--- What needs to be done ---
A word-for-word transcription of every record is needed.

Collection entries
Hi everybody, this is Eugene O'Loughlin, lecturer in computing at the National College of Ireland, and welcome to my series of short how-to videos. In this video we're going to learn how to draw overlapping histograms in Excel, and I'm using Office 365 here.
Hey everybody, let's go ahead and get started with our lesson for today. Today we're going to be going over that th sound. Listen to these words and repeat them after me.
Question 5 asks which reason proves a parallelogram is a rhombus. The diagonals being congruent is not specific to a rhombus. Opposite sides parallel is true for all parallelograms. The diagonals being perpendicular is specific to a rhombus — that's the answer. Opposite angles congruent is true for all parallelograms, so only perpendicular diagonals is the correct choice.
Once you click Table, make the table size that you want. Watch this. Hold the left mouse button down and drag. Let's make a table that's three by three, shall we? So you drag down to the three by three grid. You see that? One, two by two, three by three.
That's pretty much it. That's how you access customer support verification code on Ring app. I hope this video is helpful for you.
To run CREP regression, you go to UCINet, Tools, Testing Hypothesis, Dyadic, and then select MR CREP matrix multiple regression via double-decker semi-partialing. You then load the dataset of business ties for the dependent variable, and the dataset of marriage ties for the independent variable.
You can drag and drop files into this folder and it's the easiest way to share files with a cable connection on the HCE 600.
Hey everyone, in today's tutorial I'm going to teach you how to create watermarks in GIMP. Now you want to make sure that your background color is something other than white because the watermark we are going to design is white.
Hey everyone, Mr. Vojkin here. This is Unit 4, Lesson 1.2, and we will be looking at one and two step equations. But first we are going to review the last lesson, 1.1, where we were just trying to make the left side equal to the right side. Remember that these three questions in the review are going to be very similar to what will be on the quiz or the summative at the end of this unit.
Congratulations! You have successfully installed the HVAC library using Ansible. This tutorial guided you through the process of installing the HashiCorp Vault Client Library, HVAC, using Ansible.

--- Written response ---
Hi everybody, this is Eugene O'Loughlin, lecturer in computing at the National College of Ireland, and welcome to my series of short how-to videos. In this video we're going to learn how to draw overlapping histograms in Excel, and I'm using Office 365 here.
Hey everybody, let's go ahead and get started with our lesson for today. Today we're going to be going over that th sound. Listen to these words and repeat them after me.
Question 5 asks which reason proves a parallelogram is a rhombus. The diagonals being congruent is not specific to a rhombus. Opposite sides parallel is true for all parallelograms. The diagonals being perpendicular is specific to a rhombus — that's the answer. Opposite angles congruent is true for all parallelograms, so only perpendicular diagonals is the correct choice.
Once you click Table, make the table size that you want. Watch this. Hold the left mouse button down and drag. Let's make a table that's three by three, shall we? So you drag down to the three by three grid. You see that? One, two by two, three by three.
That's pretty much it. That's how you access customer support verification code on Ring app. I hope this video is helpful for you.
To run CREP regression, you go to UCINet, Tools, Testing Hypothesis, Dyadic, and then select MR CREP matrix multiple regression via double-decker semi-partialing. You then load the dataset of business ties for the dependent variable, and the dataset of marriage ties for the independent variable.
You can drag and drop files into this folder and it's the easiest way to share files with a cable connection on the HCE 600.
Hey everyone, in today's tutorial I'm going to teach you how to create watermarks in GIMP. Now you want to make sure that your background color is something other than white because the watermark we are going to design is white.
Hey everyone, Mr. Vojkin here. This is Unit 4, Lesson 1.2, and we will be looking at one and two step equations. But first we are going to review the last lesson, 1.1, where we were just trying to make the left side equal to the right side. Remember that these three questions in the review are going to be very similar to what will be on the quiz or the summative at the end of this unit.
Congratulations! You have successfully installed the HVAC library using Ansible. This tutorial guided you through the process of installing the HashiCorp Vault Client Library, HVAC, using Ansible.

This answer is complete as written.